Abstract
LL.M. (Banking Law)
The increased use of settling transactions on an open account1 in international trade, the pressures to reduce costs, improve efficiencies and the inevitable move to utilise electronic processes has resulted in a need for a new solution for the payment of transactions between importers/buyers and exporters/sellers.2 Bank payment obligations (BPOs), the solution developed by the Society for Worldwide Interbank Financial Telecommunication (SWIFT)3 and the Banking Commission of the International Chamber of Commerce (ICC), are irrevocable undertakings given by an obligor bank to a recipient bank to pay a specified amount on the condition of a successful electronic matching of data or acceptance of mismatches.4 BPOs are distinct from the traditional methods relied on by importers and exporters as the terms of engagement are based on an agreed event referred to as a baseline and the technical matching of data generated by SWIFT’s transaction-matching application referred to as Trade Services Utility.
This dissertation focuses on the manner in which a BPO is established and structured, the legal obligations of the parties, specifically the banks, and establishing liability between the parties outside of the BPO.
The BPO was implemented to cater for the needs of the importers and exporters and to provide an efficient means of settling transactions.
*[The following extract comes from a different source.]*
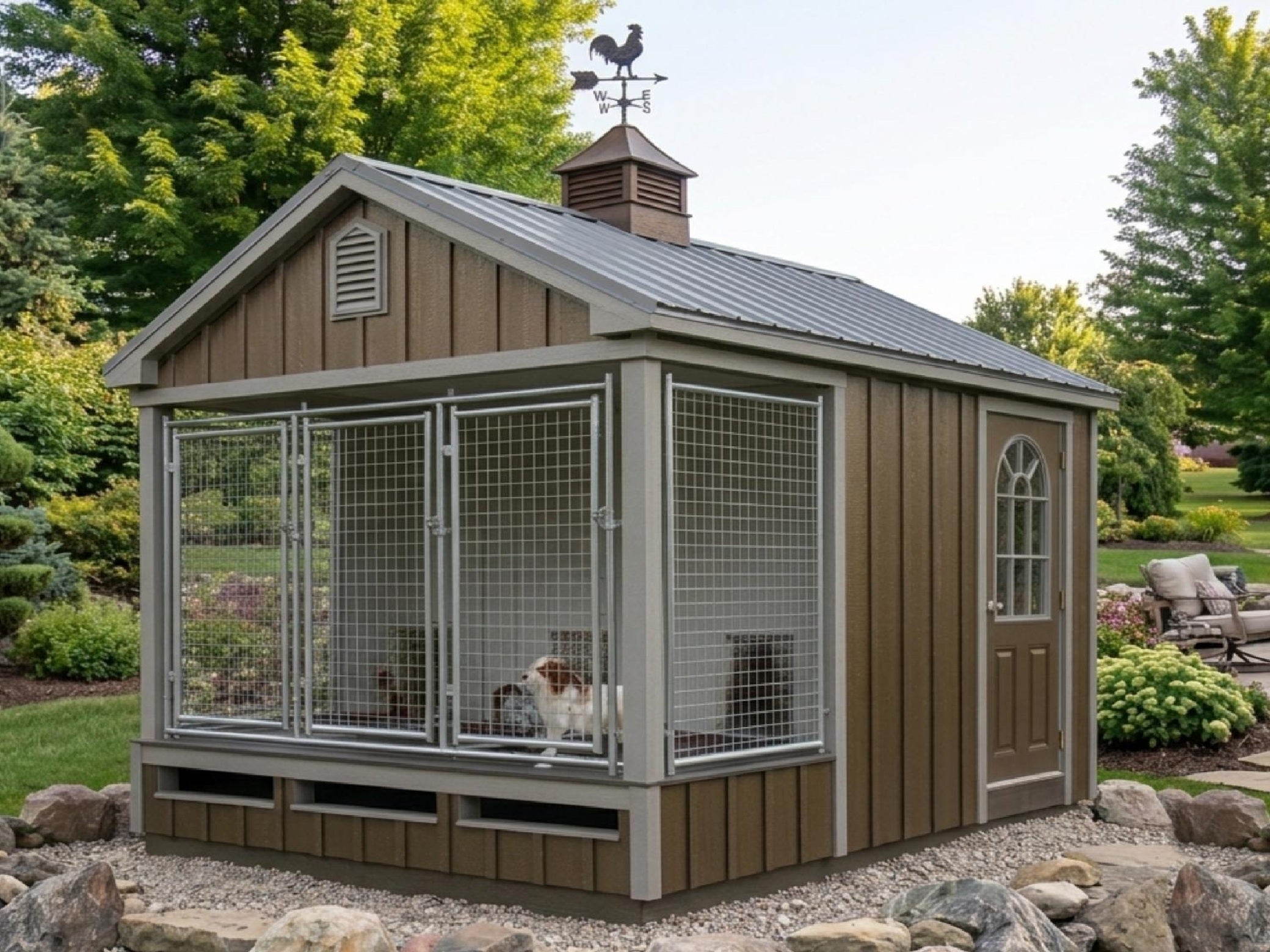 Luxury Insulated Outdoor Whelping Kennel for Professional Breeders— Executive Estate 9' x 12'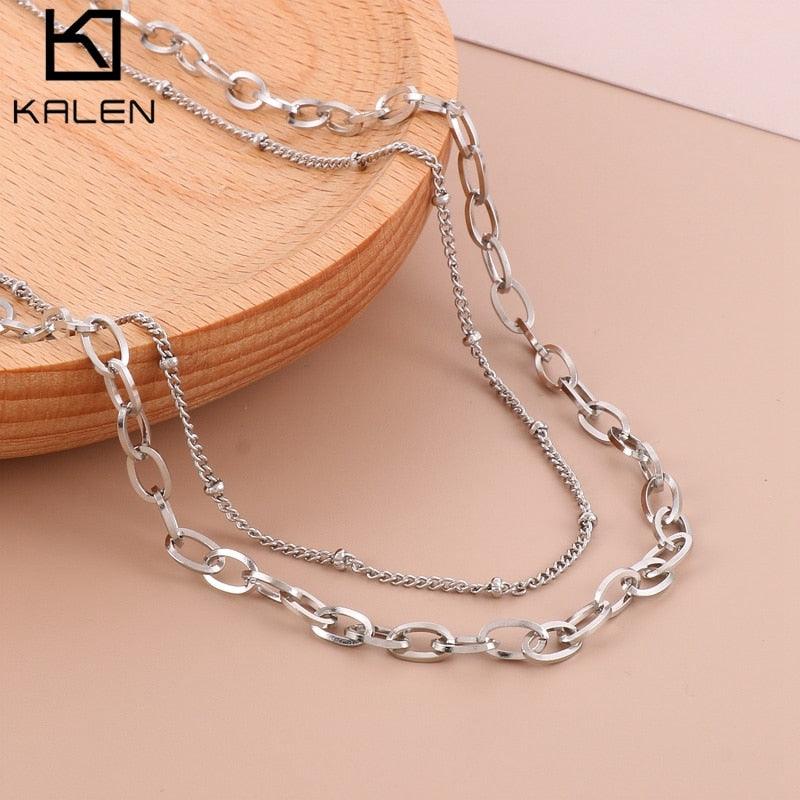KALEN Fashion New Creative Double-Layer Bead Chain Stainless Steel Necklace For Women Simple Punk Gold Color Jewelry Party Gifts.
However, this payment method has not gained the desired traction within local trade sectors or the banking sectors. This dissertation explores the reasons why this payment method has not gained the expected acceptance from financial institutions or the main parties to import or export transactions.
The information gathered and reviewed pertains mainly to literature in the form of published works, rules developed specifically for trade instruments, articles, case studies and guidelines published or made available by the ICC.